Automatization of Techlab's Request Management Process

Warning

This is an old post, Techlab was an interesting project that, unfortunately, no longer exist.

Background on Techlab, from the website

Techlab is a CERN IT project providing testing/benchmarking platforms for multiple architectures and accelerators. We gather users requests, analyze market trends and procure cutting edge hardware. We then set it up, test it and put it up for experimental use by members of the HEP community.

Techlab systems are operated as evolving, test systems, on a best effort basis, and must not be used for production work or with sensitive data. Hosts are reinstalled on a regular basis and user data is permanently deleted at the end of each test slot.

Under some conditions and subject to availability, it may be possible to loan a Techlab system for longer periods, for example to pilot a build system on new platforms.

Core principles of Techlab:

Everything can be published - no NDA
Hardware is off-the-shelves - No development boards
Hardware is periodically updated based community feedback and industry trends
Multiple vendors and platforms
No production service or guaranteed availability - This is a lab!

Techlab’s request management process has seen several improvements in terms of bookkeeping and accountability over its lifetime, from handling requests via email and manually configuring the nodes, to the use of autoconfiguration tools. Despite these improvements, the request management process still relies heavily on manual intervention in several points of the system.

Here we define the next evolution of Techlab’s request management and describe the system developed to streamline this process, mitigating manual intervention and automating it as much as possible. In Section 1, we describe the current request process and its inconveniences, while in Section 2, we propose an improved way to handle the requests and specify its ideal requirements. In Section 3, we describe the design decisions taken and the Application Programming Interface (API) of the new request management system developed. Finally, in Section 4, we analyze the improvements.

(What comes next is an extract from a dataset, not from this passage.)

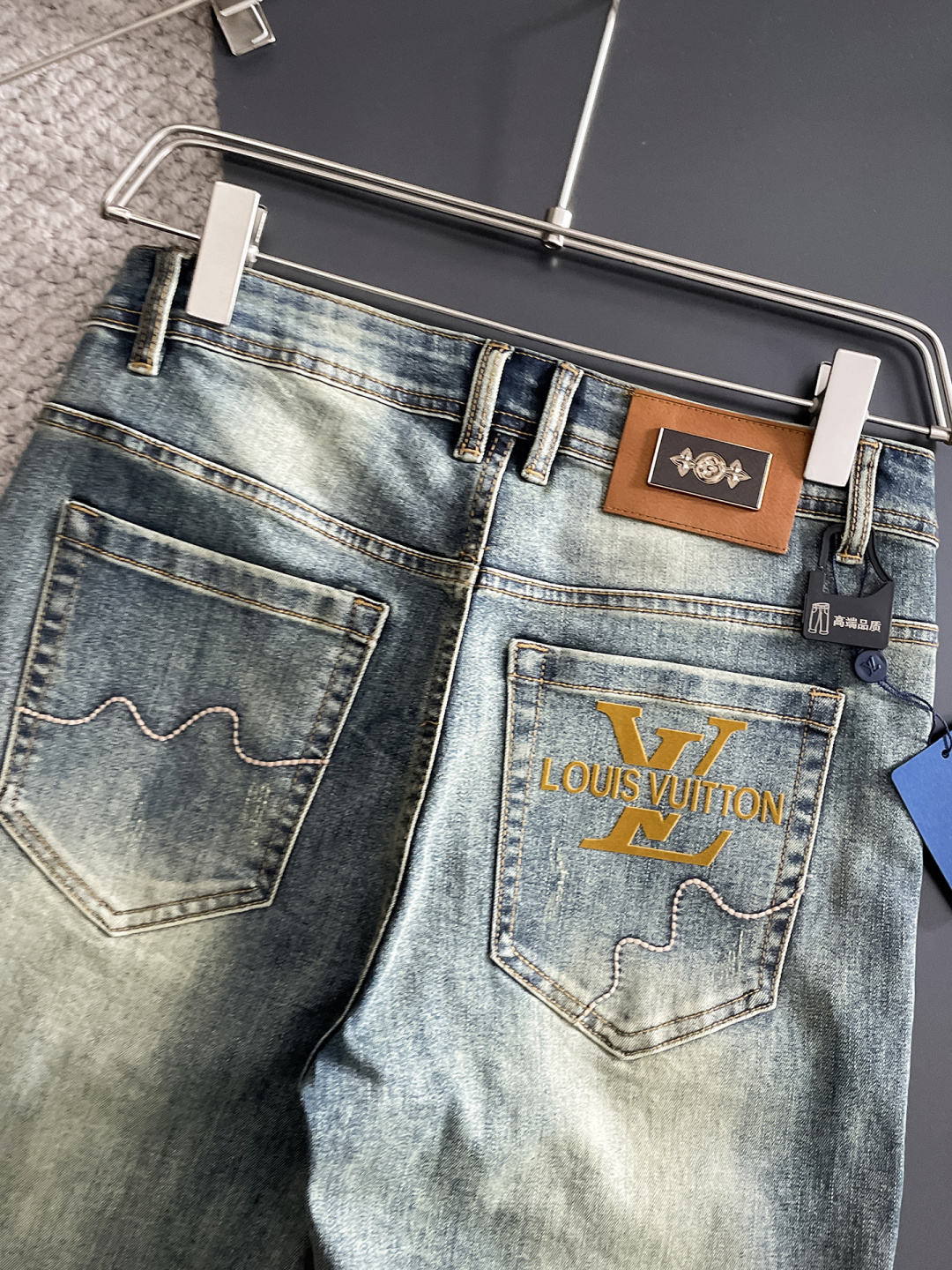 LV 男士丹宁牛仔裤，官宣画册海报穿搭款！ 客供高级进口的丹宁原色面料，特选日本冈山纯正13oz 盎司牛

1. The current request process: workflow and infrastructure#

Users’ requests are handled through CERN’s Service Portal, a service management and IT support solution with ServiceNow software at its backbone.

With few exceptions, Techlab machines are enrolled on CERN’s cloud infrastructure, capitalizing on the configuration management system in place. Lifecycle management tools such as Foreman or automation frameworks such as Puppet remarkably simplify the configuration and administration of Techlab’s nodes. However, up to this point, CERN only supports x86 architectures. Thus, Techlab’s arm and PowerPc nodes have to be configured manually.

One of the most relevant concepts of CERN’s configuration system is the hostgroup, Foreman’s notion of a cluster of computers. Puppet’s configuration centerpieces are the manifest files and the Hiera (Puppet’s built-in key/value data lookup system) files. Manifests describe, in Puppet’s domain-specific language, the common configuration to be applied to the nodes in a hostgroup, while Hiera files provide key-value data in yaml format that is fed to the manifest at configuration time. This separation allows, for instance, the specification of values such as node users in a node-specific Hiera file, which is digested by the manifest to configure each node.

A request’s lifetime frequently evolves as follows:

The user fills in the request form on the Service Portal, specifying their project, the systems they would like to access, the loan period, and the users requiring access to the hosts. Once introduced in the system, the service managers are notified and one of them takes ownership of the request, discussing the options with the user if needed. After reaching an agreement on the terms of the loan, f.e. loan period or nodes involved, the request handler will fill the corresponding fields in the request’s managent form and proceed to configure the system manually. The request will be kept open until the expiration date, at which point the request handler might offer the requesting user an extension, depending on resource availability and utilization.

We can identify several points of improvement for this workflow:

It is time inefficient. While this system provides better accountability than managing the request privately (f.e., by email), it still has the cost of checking for request expiration manually on ServiceNow. This can be too time consuming when the number of users requests grow.
It is still prominently manual. Puppet simplifies the configuration and installation of the nodes, but it still requires explicit intervention of the system administrator to describe the configuration on a node basis.
It is redundant. The requests and the configuration files both contain redundant data, such as users, loan period and request number.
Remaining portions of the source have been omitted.